At the end of winter quarter, crews will demolish the lot directly south of the new Gateway Center to make way for construction of a new underground parking facility scheduled to open in December 1999.
Besides the underground construction and the already complete demolition of the East River Road ramp, at least one carpool lot and possibly one contract lot will become void at the end of this year because of University construction.
All told, construction projects will expropriate nearly 700 parking spaces from commuters in the coming months.
So what should students do in the meantime?
“The best thing for people is to consider alternative options of transportation first,” said Cari Hatcher, spokeswoman for Parking and Transportation Services.
Bus use, biking and carpooling are all options that parking and transportation suggests, she said.
She added that the spaces in the Huron Boulevard parking lots will still be available.
Others think the shift will not be immediate.
“In light of the construction, we won’t see tons of people jumping on their bikes,” said Cynthia McArthur, spokeswoman for the Minnesota Community Bike Safety Project at the University.
She also suggested that people do not have to make an all-or-nothing switch.
Rather, students can drive part-way and park in a lot or on a street outside of the University, then bike or walk the rest of the way to campus, she said.
“The incremental options will appeal to more people,” she said.
And the temporary alternatives to driving to campus may have to become permanent for some.
The underground parking facility next to the Gateway building will contain 300 parking spaces; the original lot had more than 1,200.
Construction of the Gateway Center took over the first portion of the lot in lieu of parking spaces. The remainder of the lot, which will empty in March, makes up the last 343 of the 1,240 original spaces.
“(The underground facility) will be finished within this calendar year,” said Eric Kruse, newly named vice president for University Services.
Still, 900 parking spaces will be lost because of the Gateway Center.
The construction of a new hockey/tennis center will eliminate Lot 33, one of the carpool lots on Fourth Avenue Southeast after spring quarter.
That lot holds 420 spaces that carpoolers can use for $1.25 per day. To continue the support of carpoolers, Lot 37, across Fifth Avenue from Lot 33, will be converted into a commuter lot, but that parking area has about 60 less spaces.
In November, demolition began on the East River Road ramp, which was home to 1,684 spaces, Hatcher said.
An underground parking facility will be built in its place, with construction beginning in April and scheduled to be completed in fall 2000. At this time, the project is on schedule, Hatcher said.

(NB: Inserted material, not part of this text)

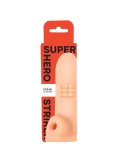Фаллоудлинитель Super Hero Striker Beige (13.5, Ø 3.5 см)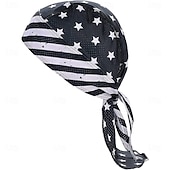 billiga U.S. 250-årsjubileum-1 st. patriotisk amerikansk flagga kylande huvudduk, snabbtorkande elastisk sportbandana för män och kvinnor, USA:s självständighetsdag 250-årsjubileum cyklingskallehatt för löpning, gym, vandring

The new garage will hold only 26 more spaces and the change will have left the nearly 1,700 drivers out in the cold for nearly a year.
Additionally, contract lot C-91, with its 63 spaces, will potentially be demolished to make way for Grand Marc, a graduate student housing complex in the Seven Corners area of the West Bank. The housing has not been finalized and has yet to be approved by the Board of Regents.
If approved, the construction could begin as soon as June.
Contract spot holders need not fret as parking and transportation will relocate their spaces, Hatcher said.
One area of campus that will be gaining parking spaces — rather than losing them — is the West Bank Office Building ramp. An expansion of 120 spaces will begin in May and be completed in December 1999.
Finally, the St. Paul campus will be gaining more than 500 spaces when a parking ramp is built on Gortner Avenue, where public parking Lot 103 stands.
A portion of the ramp will be contract parking and a portion public parking when it is completed in August 2000. Construction will begin this summer.
All of the newly built parking ramps will have an hourly rate, except for the contract spaces.
Hatcher said there will definitely be a parking crunch until all replacement spaces are built.
“We expect a period of helping people find options that will work for them,” she said.